# Tutorial 7 — Working with `qcom.data`

This notebook shows how to use the utilities in **`qcom.data`**:

- `qcom.data.ops` — normalize counts → probabilities, truncate small entries, and print top states.
- `qcom.data.sampling` — resample (generate synthetic datasets) and combine datasets safely.
- `qcom.data.noise` — add classical readout noise (Monte Carlo) and optionally **mitigate** with `mthree` using simple per-qubit error rates.

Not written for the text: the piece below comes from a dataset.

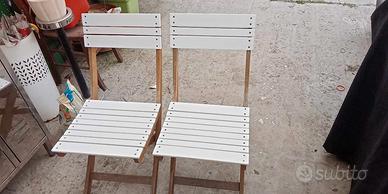 tavolo da giardino con due sedie 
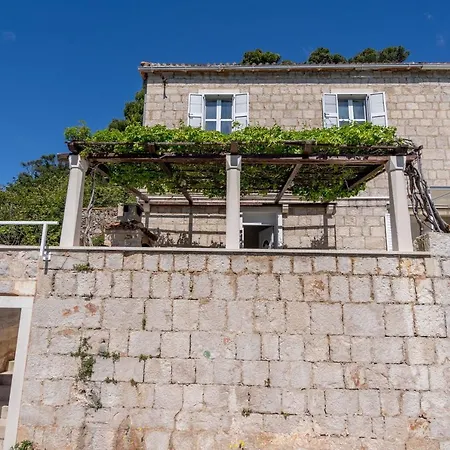 Seafront Holiday Home Marina * Jelsa (Hvar)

The examples use small toy datasets, so you can run everything quickly.

In [1]:
# Imports
from qcom.data.ops import normalize_to_probabilities, truncate_probabilities, print_most_probable_data
from qcom.data.sampling import sample_data, combine_datasets
from qcom.data.noise import introduce_error, m3_mitigate_counts_from_rates

import random
from pprint import pprint

# For reproducibility in sampling/noise demos
random.seed(1234)

## 1) Start with a small counts dictionary
Assume you obtained integer **counts** from an experiment or simulation.

In [2]:
counts = {
    "00": 510,
    "01": 230,
    "10": 220,
    "11": 40,
}
total_count = sum(counts.values())
print("Total shots:", total_count)
pprint(counts)

Total shots: 1000
{'00': 510, '01': 230, '10': 220, '11': 40}


## 2) Normalize to probabilities & inspect the most likely states

In [3]:
probs = normalize_to_probabilities(counts, total_count)
print("Sum of probabilities:", sum(probs.values()))
print_most_probable_data(probs, n=4)

Sum of probabilities: 1.0
Top 4 Most probable bit strings:
1.  Bit string: 00, Probability: 0.51000000
2.  Bit string: 01, Probability: 0.23000000
3.  Bit string: 10, Probability: 0.22000000
4.  Bit string: 11, Probability: 0.04000000


## 3) Truncate small probabilities (no renormalization)
You might want to ignore a tail of tiny entries during reporting or plotting.

In [4]:
truncated = truncate_probabilities(probs, threshold=0.05)
print("Kept entries ≥ 0.05:")
pprint(truncated)
print("Sum after truncation (no renorm):", sum(truncated.values()))

Kept entries ≥ 0.05:
{'00': 0.51, '01': 0.23, '10': 0.22}
Sum after truncation (no renorm): 0.96


## 4) Sampling: generate a synthetic dataset from counts
Use `sample_data` to resample a new integer-count dataset of a desired size.

In [5]:
sample_size = 2000
sampled_counts = sample_data(counts, total_count=total_count, sample_size=sample_size, show_progress=False)
print("Total sampled:", sum(sampled_counts.values()))
pprint(sampled_counts)

Total sampled: 2000
{'00': 994, '01': 465, '10': 464, '11': 77}


## 5) Combine datasets safely
You can merge **two probability dictionaries** (they will be renormalized) **or** merge **two counts dictionaries** directly. Mixing a prob-dict with a counts-dict raises an error to prevent silent mistakes.

In [6]:
# Merge two counts dicts
more_counts = {"00": 50, "01": 40, "10": 10, "11": 0}
merged_counts = combine_datasets(counts, more_counts, show_progress=False)
print("Merged counts total:", sum(merged_counts.values()))
pprint(merged_counts)

# Merge two probability dicts
probs_a = normalize_to_probabilities(counts, total_count)
probs_b = normalize_to_probabilities(more_counts, sum(more_counts.values()))
merged_probs = combine_datasets(probs_a, probs_b, show_progress=False)
print("Merged probs sum:", sum(merged_probs.values()))
print_most_probable_data(merged_probs, n=4)

Merged counts total: 1100
{'00': 560, '01': 270, '10': 230, '11': 40}
Merged probs sum: 1.0
Top 4 Most probable bit strings:
1.  Bit string: 00, Probability: 0.50500000
2.  Bit string: 01, Probability: 0.31500000
3.  Bit string: 10, Probability: 0.16000000
4.  Bit string: 11, Probability: 0.02000000


## 6) Add classical readout noise (Monte Carlo)
`introduce_error` simulates independent per-qubit flips **on the measured bitstrings**.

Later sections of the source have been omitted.